3x^2 + xy + 2y^2 = 0

2. Originally Posted by KarlosK
I am having trouble figuring out this problem. I know that there may not be a real solution, but we have to show the steps to solving this theoretical quadratic. If someone could show me the steps that would be awesome!

3x^2 + xy + 2y^2 = 0
Is it a quadratic in x or y?

3. I don't really understand your question if it is in x or y? She just asked for us to solve this using the quadratic equation. I assume that there is going to be no number answer

4. Originally Posted by KarlosK
I don't really understand your question if it is in x or y? She just asked for us to solve this using the quadratic equation. I assume that there is going to be no number answer
If it's a quadratic in y you need to solve for y=f(x)
If it's a quadratic in x you need to solve for x = f(y)

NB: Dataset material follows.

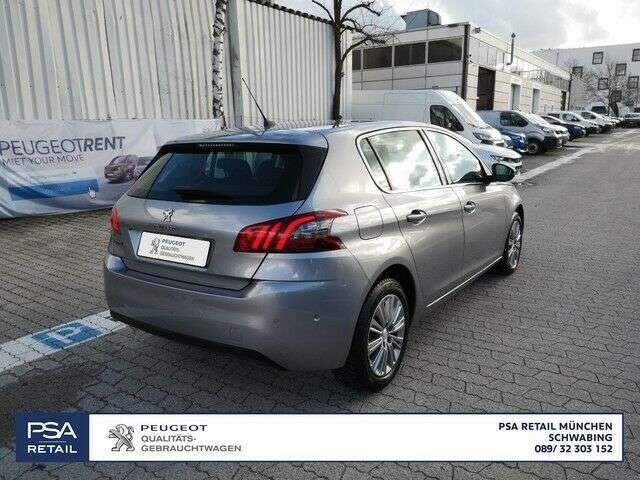 Left hand drive PEUGEOT 308 BlueHDi 130 EAT8 SW ALLURE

5. Originally Posted by KarlosK
I don't really understand your question if it is in x or y? She just asked for us to solve this using the quadratic equation. I assume that there is going to be no number answer
If you're solving for $\displaystyle x$ and using the quadratic formula: $\displaystyle x=\frac{-b\pm\sqrt{b^2-4ac}}{2a}$ let $\displaystyle a=3,\ b=y$ and $\displaystyle c=2y^2$

Spoiler:
$\displaystyle x=\frac{-y\pm\sqrt{-23y^2}}{6}$

6. What you did there makes sense. I understand how to get to that point now. So basically she is just looking for how I would come to the solution... but there will not be an actual number solution?

7. There are no real solutions, if that is what you are referring to, as $\displaystyle y^2$ will be positive, and you cant take the square root of a negative value.

8. What expression do you get inside the square root?

Is there any value of $\displaystyle y$ for which this expression will not be negative?